### Activity
Under this line are the records; write out word for word the part that begins at the line containing "Detail Gallery Image" and ends at the line containing "89B students build", and no more.

[Records from a data source]

[Start of section]

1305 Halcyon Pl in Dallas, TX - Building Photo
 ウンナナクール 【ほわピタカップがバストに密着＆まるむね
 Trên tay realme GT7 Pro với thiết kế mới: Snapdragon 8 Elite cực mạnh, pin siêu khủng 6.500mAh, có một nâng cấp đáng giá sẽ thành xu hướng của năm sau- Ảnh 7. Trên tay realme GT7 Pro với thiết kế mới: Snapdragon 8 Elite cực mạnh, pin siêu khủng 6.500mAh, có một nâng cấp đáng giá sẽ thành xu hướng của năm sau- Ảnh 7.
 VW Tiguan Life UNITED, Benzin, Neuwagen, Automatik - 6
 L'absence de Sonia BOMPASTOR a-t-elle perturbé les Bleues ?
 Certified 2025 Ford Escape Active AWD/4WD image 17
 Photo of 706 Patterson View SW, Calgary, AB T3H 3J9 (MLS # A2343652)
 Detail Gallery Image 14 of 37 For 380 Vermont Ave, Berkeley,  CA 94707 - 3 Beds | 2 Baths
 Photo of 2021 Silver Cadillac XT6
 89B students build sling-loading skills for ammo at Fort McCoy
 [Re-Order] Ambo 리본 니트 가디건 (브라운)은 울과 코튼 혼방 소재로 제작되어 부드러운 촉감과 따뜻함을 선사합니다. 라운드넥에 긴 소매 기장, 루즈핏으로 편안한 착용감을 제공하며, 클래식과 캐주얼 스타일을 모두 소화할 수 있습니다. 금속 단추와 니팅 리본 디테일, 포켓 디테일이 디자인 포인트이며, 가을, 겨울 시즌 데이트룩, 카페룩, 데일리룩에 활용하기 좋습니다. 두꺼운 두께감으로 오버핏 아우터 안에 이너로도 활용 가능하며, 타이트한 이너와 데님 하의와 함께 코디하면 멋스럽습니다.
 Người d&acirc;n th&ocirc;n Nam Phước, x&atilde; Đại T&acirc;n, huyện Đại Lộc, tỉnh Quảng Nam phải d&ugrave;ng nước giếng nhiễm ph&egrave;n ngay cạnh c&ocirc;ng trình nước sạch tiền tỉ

[End of section]

### Output for this task
 Detail Gallery Image 14 of 37 For 380 Vermont Ave, Berkeley,  CA 94707 - 3 Beds | 2 Baths
 Photo of 2021 Silver Cadillac XT6
 89B students build sling-loading skills for ammo at Fort McCoy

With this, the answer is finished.